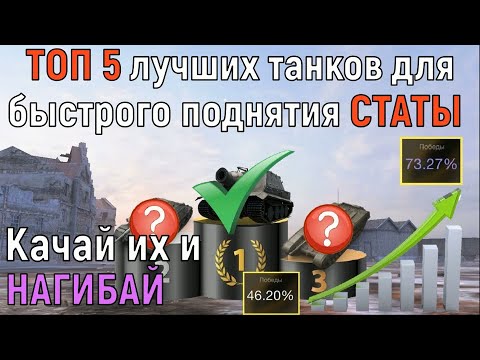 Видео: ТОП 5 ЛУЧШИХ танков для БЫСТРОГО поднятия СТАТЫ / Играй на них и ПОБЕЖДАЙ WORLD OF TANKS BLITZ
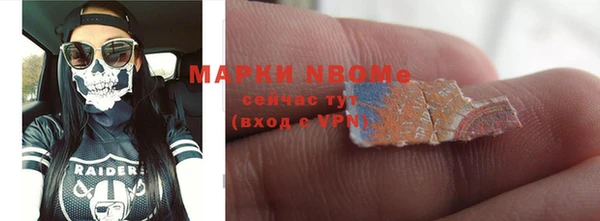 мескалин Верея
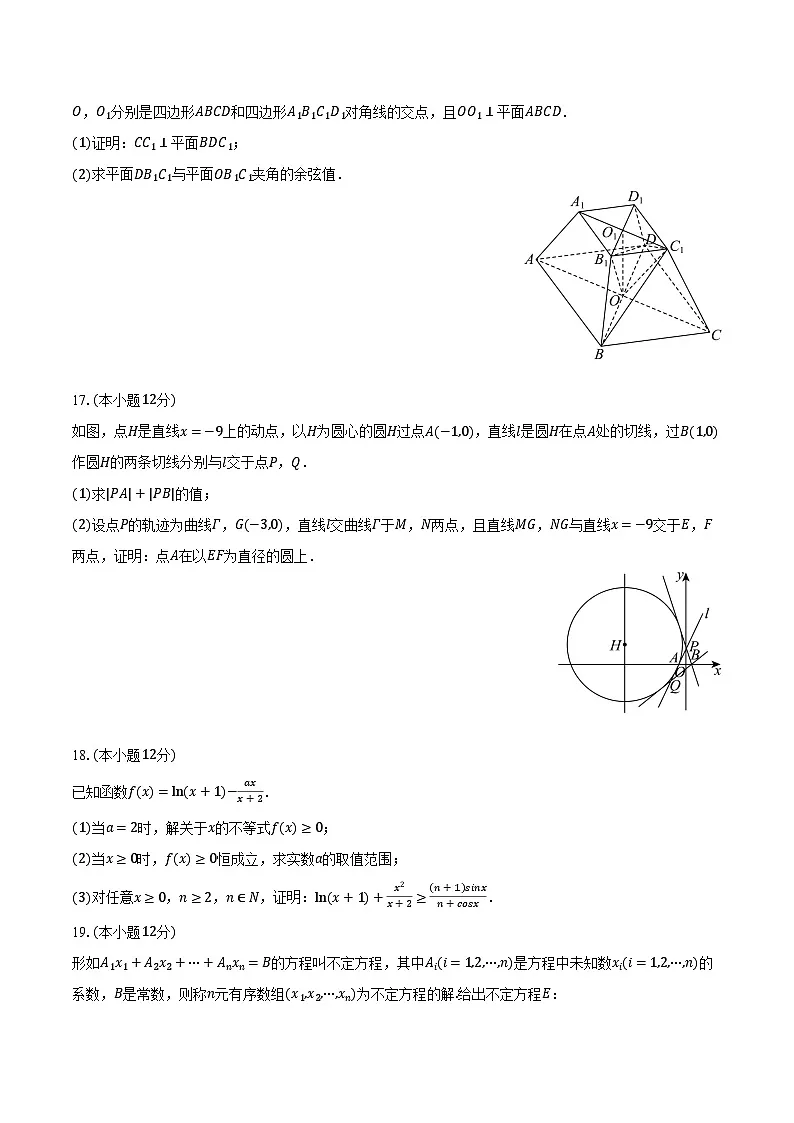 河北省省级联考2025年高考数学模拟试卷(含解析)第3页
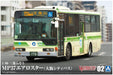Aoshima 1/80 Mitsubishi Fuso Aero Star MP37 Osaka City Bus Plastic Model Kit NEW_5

What the task requires: Copy the listing exactly but drop its images.

Answer to the problem:
 Видео: ТОП 5 ЛУЧШИХ танков для БЫСТРОГО поднятия СТАТЫ / Играй на них и ПОБЕЖДАЙ WORLD OF TANKS BLITZ
 мескалин Верея
 河北省省级联考2025年高考数学模拟试卷(含解析)第3页
Aoshima 1/80 Mitsubishi Fuso Aero Star MP37 Osaka City Bus Plastic Model Kit NEW_5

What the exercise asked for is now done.